Rich Karlgaard, writing a recent piece in Forbes made an observation that expresses something I have long believed. American carmakers have done themselves a nasty disservice by sending car rental companies their ‘fleet sales’ versions of their products. Why? Because those often low-frills, underpowered and difficult to manage autos are often the only time you’ll ever get much of the population behind the wheel of an American car.
When I was growing up, my family owned American cars. The logic at the time was that it was good to have an American car because then you wouldn’t have to wait for spare parts to be shipped in from all over the place. Then the Japanese and Germans started offering cars that were not only more fuel-efficient, but guess what? They undercut the American carmakers contention that local spare parts were a good thing by providing autos of such high quality that they didn’t need spare parts! Now that’s a concept. In my own, grown-up car-buying life, I’ll confess to not even being tempted by an American car (unless you count our Volvo as an “American” car because it’s owned by an American firm).

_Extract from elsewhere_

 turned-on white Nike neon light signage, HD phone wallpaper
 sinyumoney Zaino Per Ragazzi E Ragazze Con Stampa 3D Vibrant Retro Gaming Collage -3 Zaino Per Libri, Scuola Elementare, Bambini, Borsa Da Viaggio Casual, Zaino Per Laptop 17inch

So when do I drive American? When I rent a car, and the experience has almost always been disappointing. Cars like the Ford Taurus sort of ‘fit’ me all wrong – I feel as though I can’t see over the dashboard. My husband, daughter and I ended up having to drive a HUGE American car on a visit to California last year, which we absolutely hated. It was the only one left at the car rental place – not the one we ordered. To add insult to injury, our hotel charged us extra for parking such a huge vehicle. Needless to say, our rental experiences have not encouraged us to go spend some time in a showroom.
It certainly seems to be a short-sighted strategy if the goal is to tempt people into giving your product another chance.